One morning in Rishikesh we had breakfast in a little restaurant overlooking the river and got into conversation with a middle-aged Indian couple. The man was a construction engineer who was working on a project nearby - all India seems to be in a ferment of construction - and his wife was a librarian. They asked about us and told us about themselves. They were friendly and kindly and the woman gave me a warm hug when we parted. Such encounters happened to us repeatedly, because people were so open and direct, yet very gentle. My cousin referred to me as Buaji - meaning, aunt-on-the-father’s-side, with the respectful suffix “ji” - and people seemed to think it the most natural thing that a young man should be travelling with an elderly aunt.
The next stage was Rajasthan, the princely state. Its three main cities are Jodhpur, Jaipur and Udaipur - the red, blue and white cities. We stayed in Udaipur, which is a bewildering combination of great beauty and squalor. The lake, the palaces in the middle of the lake and on the surrounding hilltops, are breathtaking. But the alleys are squalid and smelly, with sewage flowing in uncovered channels down the streets. There I saw a remarkable figure, made up and dressed to look like Krishna, with blue skin. An exquisite, epicene creature, he strutted and pranced, his face immobile, and demanded money without uttering a word. But I didn’t have any change on me and had to shake him off.

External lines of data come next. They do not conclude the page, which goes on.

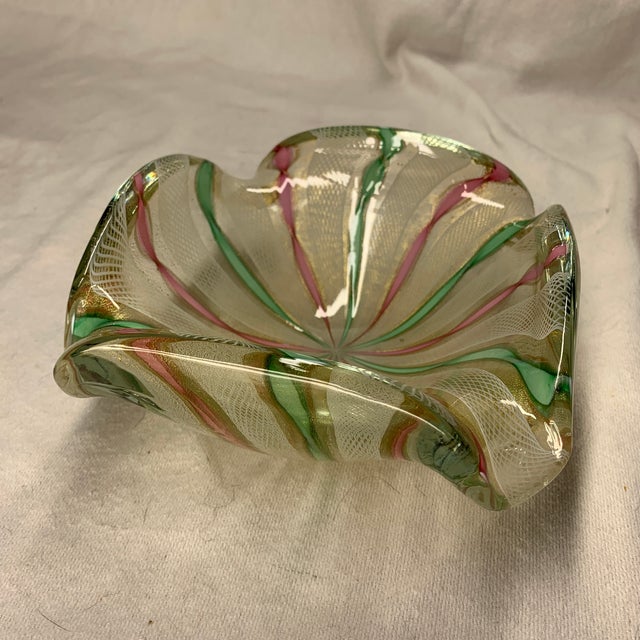 AVeM Italy 1960s Vintage Avem Italian Murano Art Glass Gold Flecks Bowl W/ White Latticino, Pink/Green Ribbons For Sale - Image 4 of 8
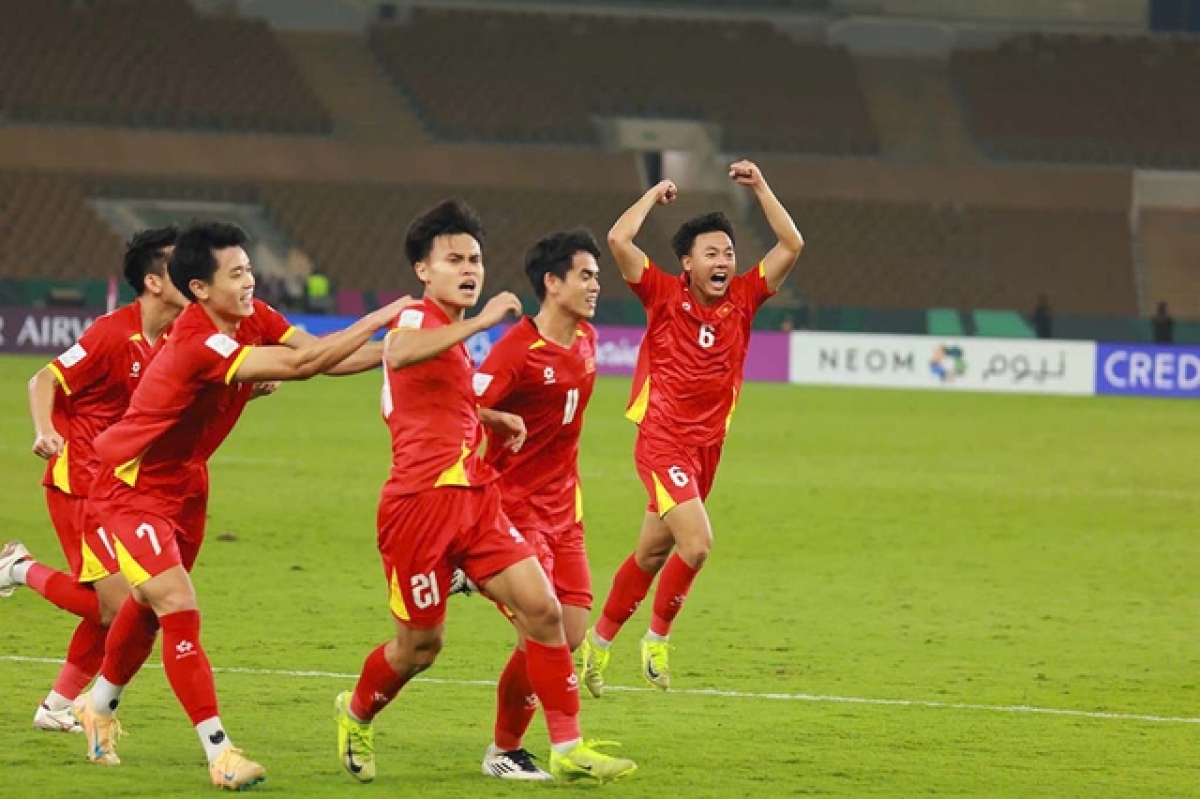Los jugadores de la selección masculina sub-23 de fútbol de Vietnam posan para una foto. Foto: thanhnien.vn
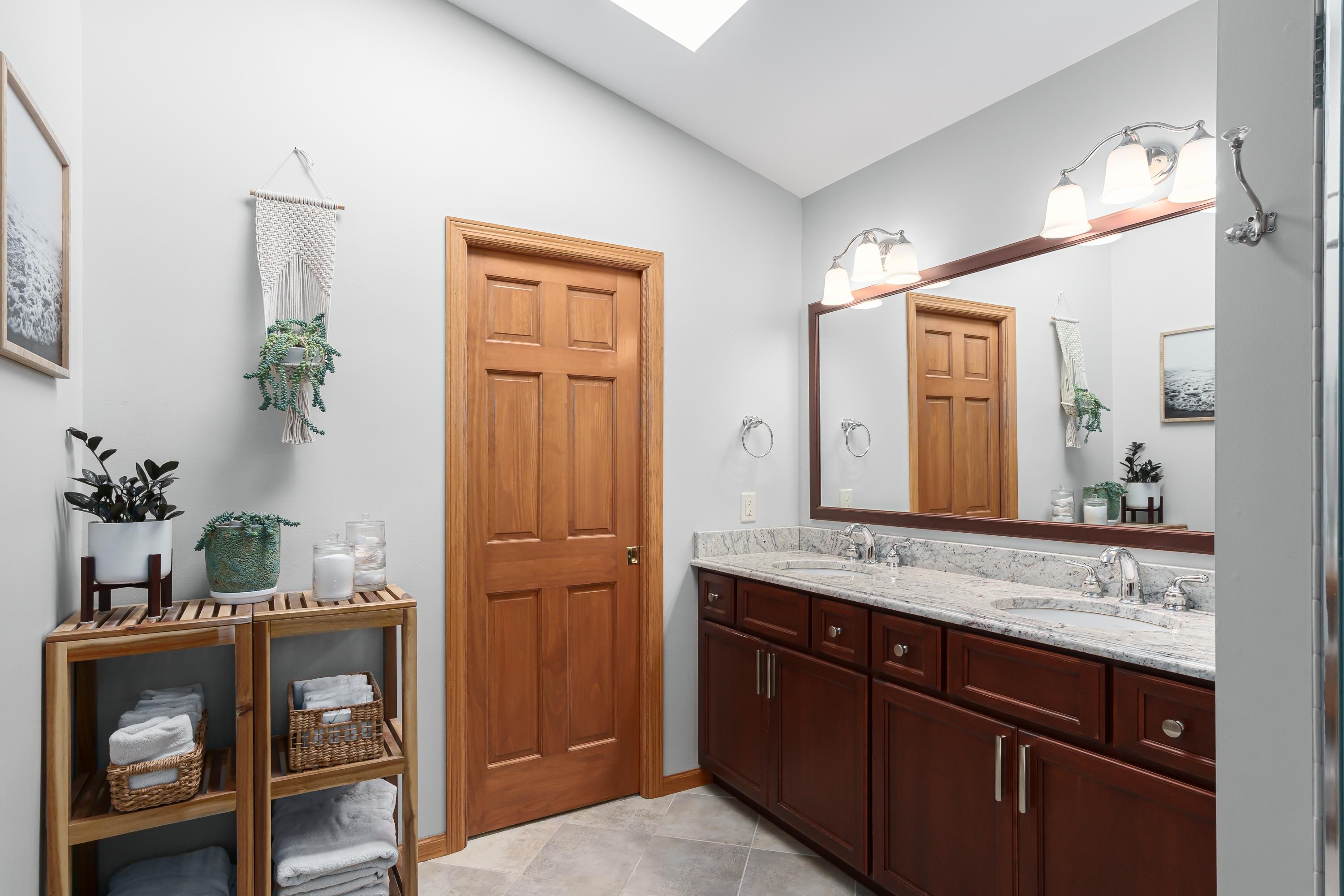 5409 Upland Trail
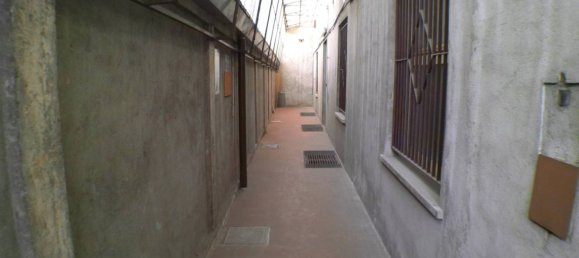 320m² Warehouse in Vanzaghello, Italy No. 160692 3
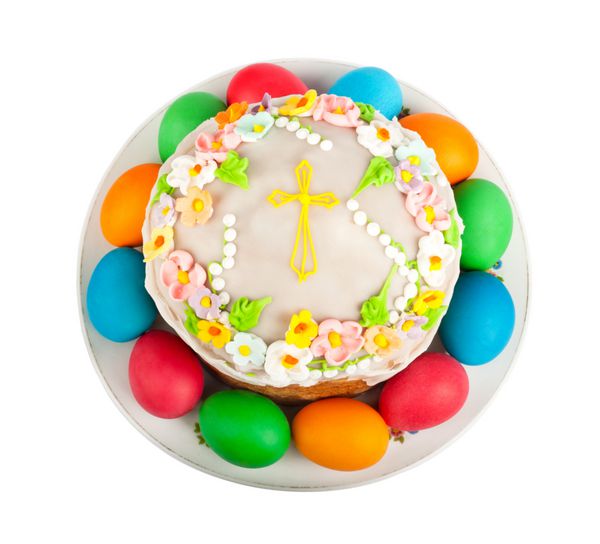 تخم‌مرغ‌های عید پاک و کیک کوچک خوشمزه روی پشت جدا شده سفید رنگ شده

The film “Octopussy” - an old James Bond flick with Roger Moore in the lead - was filmed in Udaipur. Consequently, it is shown in video every night at 7:30 in every rooftop restaurant.
From Udaipur we flew south to Mangalore, on the west coast of India, between the Arabian Sea and the mountain range called the Western Ghats. This is the state of Karnataka, which turned out to be as beautiful and as clean as I’d been told. The landscape reminded me of Jamaica - mountains, red soil, coconut palms and banana plantations. We travelled to a town called Puttur, and stayed in the countryside nearby as the guests of a local family and a Hinduized, middle-aged German who had been living there for years. This German, a friend of my cousin’s, also teaches Transcendental Meditation. Mr Rama Naik, a retired postmaster, and his family, are devotees of Sai Baba. Their house is full of his pictures and books about him. Sai Baba is still youngish, has fat, rather Negroid, features and a big Afro, and is often seen smiling. His picture in the puja room had me puzzled. I joined the family puja on a couple of evenings - sitting on the floor with the father and three of his children, one of whom has an exceptionally sweet voice. She sang chants while her brother - a student of electronics - beat a little drum, and her sister - a student of ayurvedic medicine - shook a small tambourine. Later the father did all the ritual things with the flowers, the little bell, the camphor flame, finally smeared some ash on his children’s foreheads, and gave me some to put on myself. While everything was going on - it was quite soothing and almost hypnotic - I looked at Sai Baba’s picture and found his smile puzzling. It seemed to be very complacent. Was it a smile of contentment, “shanti”, bliss, or compassion? Was he relishing the adulation and worship with which he was surrounded, or was there something in his eyes that said, “Don’t worry, it’s all right!”? Did he know something we didn’t? - I’ve no idea, but would like to keep an open mind, especially since so many sceptical outsiders who have met him have been captivated and won over. The shelves in the house were stuffed with books by various Westerners, among them a Catholic priest from the Vatican, who became Sai Baba’s devotees.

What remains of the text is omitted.